Bon tout ça pour dire que c’est bien quand les médecins salariés sont bien, mais moi j’ai envie de continuer à soigner les gens que je connais quand ils vont vivre en institution ce qui est possible s’ils vont dans les maisons de retraite de la ville (ou pas trop loin), donc il faudra bien que l’on trouve un accord avec les EHPAD pour fonctionner avec eux. Je crois au droit des résidants de pouvoir garder leur médecin, je trouve même parfois triste qu’ils ne puissent pas garder leur kiné par exemple. Moi j’aime bien faire les visites à domicile, alors que mes jeunes collègues détestent ça, en fait je crois que ça leur fait un peu peur... et on perd pas mal de temps à aller en maison de retraite, et surtout c’est déprimant, j’y vais toujours à reculons et puis après je suis contente d’y être, et je trouve le personnel vraiment bien, respectueux avec les gens, bien qu’ils sont surchargés de travail ; et évidemment, pour les résidants, c’est pas génial car il y a vraiment trop peu de personnel et peu d’occupations et tout ce monde qui va mal ensemble, c’est bof.
Voilà, ce débat est important.
Dominique Tavé :
La question que je pose est comment les soins peuvent être cohérents, pertinents quand il y a 30 médecins qui interviennent (souvent en même temps) pour 85 résidants et ce d’autant plus qu’il y a pénurie de personnel avec beaucoup d’intérimaires ? Pour les couacs, y a pas mieux, il me semble que s’il n’y avait (en + du médecin coordonnateur qui a un rôle bien défini ) que 2, 3 ou 4 médecins disponibles pour des demi-journées ou journées entières, la qualité des soins aurait tendance à être meilleure. Aucun contrat n’a été signé à ma connaissance dans l’EHPAD où j’interviens.
Jean Louis Gross :
Bien que je sois médecin coordonnateur, j’ai clairement pris position à Nuits-Saint-Georges pour qu’aucun des médecins de canton ne signe ce contrat et nous avons donc eu 100 refus de signer . L’idée de départ était intéressante, mais elle met les médecins sous la coupe directe de la direction des EHPAD (obligation administrative de signaler les congés, contrat pouvant être rompu unilatéralement par le directeur). Et ceci sans aucune contrepartie contractuelle.

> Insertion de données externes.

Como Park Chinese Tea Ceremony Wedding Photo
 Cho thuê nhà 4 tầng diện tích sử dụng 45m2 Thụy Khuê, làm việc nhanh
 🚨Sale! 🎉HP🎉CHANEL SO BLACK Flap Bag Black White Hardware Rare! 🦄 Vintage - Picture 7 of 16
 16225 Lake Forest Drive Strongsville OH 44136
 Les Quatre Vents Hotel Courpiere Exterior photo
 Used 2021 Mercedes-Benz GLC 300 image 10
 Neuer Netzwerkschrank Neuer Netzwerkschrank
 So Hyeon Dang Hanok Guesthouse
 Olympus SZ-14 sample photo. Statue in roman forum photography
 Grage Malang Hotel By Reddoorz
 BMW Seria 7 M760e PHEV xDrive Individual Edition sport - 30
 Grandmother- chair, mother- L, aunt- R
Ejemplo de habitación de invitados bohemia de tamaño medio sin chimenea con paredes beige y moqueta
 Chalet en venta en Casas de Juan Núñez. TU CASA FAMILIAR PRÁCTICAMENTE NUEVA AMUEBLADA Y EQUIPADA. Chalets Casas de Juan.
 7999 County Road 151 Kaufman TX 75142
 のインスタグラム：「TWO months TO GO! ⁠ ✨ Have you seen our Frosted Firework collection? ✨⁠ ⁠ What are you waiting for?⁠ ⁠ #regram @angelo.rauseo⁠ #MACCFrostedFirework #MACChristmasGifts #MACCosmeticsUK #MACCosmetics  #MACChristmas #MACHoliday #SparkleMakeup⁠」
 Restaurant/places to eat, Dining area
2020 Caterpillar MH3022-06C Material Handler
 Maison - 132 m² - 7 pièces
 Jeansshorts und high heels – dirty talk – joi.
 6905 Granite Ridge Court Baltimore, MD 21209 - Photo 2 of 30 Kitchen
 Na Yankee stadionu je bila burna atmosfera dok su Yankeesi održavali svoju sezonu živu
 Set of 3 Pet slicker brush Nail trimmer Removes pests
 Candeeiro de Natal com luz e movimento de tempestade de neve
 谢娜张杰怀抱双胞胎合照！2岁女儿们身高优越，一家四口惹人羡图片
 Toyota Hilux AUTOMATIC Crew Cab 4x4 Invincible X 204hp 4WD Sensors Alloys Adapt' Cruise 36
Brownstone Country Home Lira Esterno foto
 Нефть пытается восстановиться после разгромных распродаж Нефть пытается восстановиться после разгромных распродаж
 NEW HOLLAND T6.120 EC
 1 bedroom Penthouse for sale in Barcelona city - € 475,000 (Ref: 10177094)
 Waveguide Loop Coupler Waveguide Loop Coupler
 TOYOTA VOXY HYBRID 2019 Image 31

Clairement, il y a eu une circulaire le 11 mars demandant au ARS de différer en attendant la décision du recours au Conseil d’Etat, et en faisant un point fin juin. Il est donc important d’appeler à ne pas signer ce contrat.
Nous avons proposé à Nuits-Saint-Georges de modifier ce contrat en ôtant les points litigieux. L’ARS n’est pas encore prête à en discuter, je pense qu’ils attendent juin en espérant qu’un certain nombre de contrats seront déjà signés.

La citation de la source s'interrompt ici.